1.4 Geometric Sequence (G.S.)

1. The Definition

If the first term of a sequence is $u_1 = 5$, and it is multiplied by a fixed number, say $r=2$, to find the next term, the following sequence is generated: $5, 10, 20, 40, 80, \dots$. Such a sequence is called geometric. In a geometric sequence, the ratio between any two consecutive terms is constant.

Only two elements are needed: The first term $u_1$, and the common ratio $r$.

EXAMPLE 1

  • (a) If $u_1 = 1, r=2$, the sequence is $$1, 2, 4, 8, 16, 32, 64, \dots$$
  • (b) If $u_1 = 5, r=10$, the sequence is $$5, 50, 500, 5000, \dots$$
  • (c) If $u_1 = 1, r=-2$, the sequence is $$1, -2, 4, -8, 16, \dots$$
  • (d) If $u_1 = 1, r=\dfrac{1}{2}$, the sequence is $$1, \dfrac{1}{2}, \dfrac{1}{4}, \dfrac{1}{8}, \dfrac{1}{16}, \dfrac{1}{32}, \dots$$
  • (e) If $u_1 = 1, r=-\dfrac{1}{2}$, the sequence is $$1, -\dfrac{1}{2}, \dfrac{1}{4}, -\dfrac{1}{8}, \dfrac{1}{16}, -\dfrac{1}{32}, \dots$$

NOTICE:

  • The common ratio $r$ may also be negative. In this case the signs alternate $(+, -, +, -, \dots)$.
  • The common ratio $r$ may be between -1 and 1, that is $|r| < 1$. In such a sequence the terms approach 0.
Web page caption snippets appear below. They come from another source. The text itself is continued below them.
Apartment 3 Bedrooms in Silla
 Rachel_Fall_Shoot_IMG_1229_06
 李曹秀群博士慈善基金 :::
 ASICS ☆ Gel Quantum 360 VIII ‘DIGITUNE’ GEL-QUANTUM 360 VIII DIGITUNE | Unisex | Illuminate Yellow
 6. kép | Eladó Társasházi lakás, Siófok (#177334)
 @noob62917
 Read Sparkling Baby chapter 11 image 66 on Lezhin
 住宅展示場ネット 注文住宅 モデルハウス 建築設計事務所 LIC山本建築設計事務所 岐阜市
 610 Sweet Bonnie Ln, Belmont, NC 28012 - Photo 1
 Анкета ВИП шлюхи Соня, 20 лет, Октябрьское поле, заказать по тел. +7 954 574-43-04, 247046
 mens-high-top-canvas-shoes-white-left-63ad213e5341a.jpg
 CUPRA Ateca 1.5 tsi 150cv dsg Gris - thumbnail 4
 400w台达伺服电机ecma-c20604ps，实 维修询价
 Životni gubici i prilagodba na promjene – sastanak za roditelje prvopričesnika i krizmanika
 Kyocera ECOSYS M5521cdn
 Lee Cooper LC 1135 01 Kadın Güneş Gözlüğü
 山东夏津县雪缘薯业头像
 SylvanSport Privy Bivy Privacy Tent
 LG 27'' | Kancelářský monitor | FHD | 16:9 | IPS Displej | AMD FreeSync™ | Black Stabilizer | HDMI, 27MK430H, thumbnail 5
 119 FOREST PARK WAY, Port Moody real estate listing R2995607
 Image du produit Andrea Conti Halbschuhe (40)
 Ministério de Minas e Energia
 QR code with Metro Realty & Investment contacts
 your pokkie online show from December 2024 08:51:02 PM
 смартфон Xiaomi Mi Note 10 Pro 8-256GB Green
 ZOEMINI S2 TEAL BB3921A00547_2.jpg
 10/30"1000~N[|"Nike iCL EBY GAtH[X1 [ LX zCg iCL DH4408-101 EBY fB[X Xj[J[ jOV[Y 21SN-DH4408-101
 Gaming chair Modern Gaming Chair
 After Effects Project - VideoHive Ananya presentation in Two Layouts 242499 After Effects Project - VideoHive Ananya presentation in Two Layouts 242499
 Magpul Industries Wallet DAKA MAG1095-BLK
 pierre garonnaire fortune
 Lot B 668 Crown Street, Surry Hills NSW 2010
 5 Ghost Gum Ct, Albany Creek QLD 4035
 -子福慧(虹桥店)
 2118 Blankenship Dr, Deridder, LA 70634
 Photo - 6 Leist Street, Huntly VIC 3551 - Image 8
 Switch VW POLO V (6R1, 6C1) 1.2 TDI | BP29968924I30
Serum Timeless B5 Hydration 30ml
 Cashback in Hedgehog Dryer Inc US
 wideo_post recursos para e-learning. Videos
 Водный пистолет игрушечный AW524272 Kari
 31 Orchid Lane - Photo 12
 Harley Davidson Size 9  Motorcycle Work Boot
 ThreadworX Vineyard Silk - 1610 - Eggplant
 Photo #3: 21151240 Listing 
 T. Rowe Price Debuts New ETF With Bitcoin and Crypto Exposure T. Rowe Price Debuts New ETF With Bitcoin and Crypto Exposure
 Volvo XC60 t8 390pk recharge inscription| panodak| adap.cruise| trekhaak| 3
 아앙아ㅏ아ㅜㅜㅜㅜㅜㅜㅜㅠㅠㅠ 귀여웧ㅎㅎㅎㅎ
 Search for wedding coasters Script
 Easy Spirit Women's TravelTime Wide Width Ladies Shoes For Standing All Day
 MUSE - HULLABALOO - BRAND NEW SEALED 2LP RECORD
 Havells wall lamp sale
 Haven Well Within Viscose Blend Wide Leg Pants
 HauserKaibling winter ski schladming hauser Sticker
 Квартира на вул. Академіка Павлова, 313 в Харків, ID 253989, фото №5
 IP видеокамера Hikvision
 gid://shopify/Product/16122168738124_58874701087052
2. QUESTION A: What is the general formula for $u_n$?

If $u_1$ and $r$ are known, then the general formula is:

$u_n = u_1 r^{n-1}$

The reasoning is as follows: In order to find $u_5$, one starts from $u_1$ and then multiplies 4 times by the ratio $r$.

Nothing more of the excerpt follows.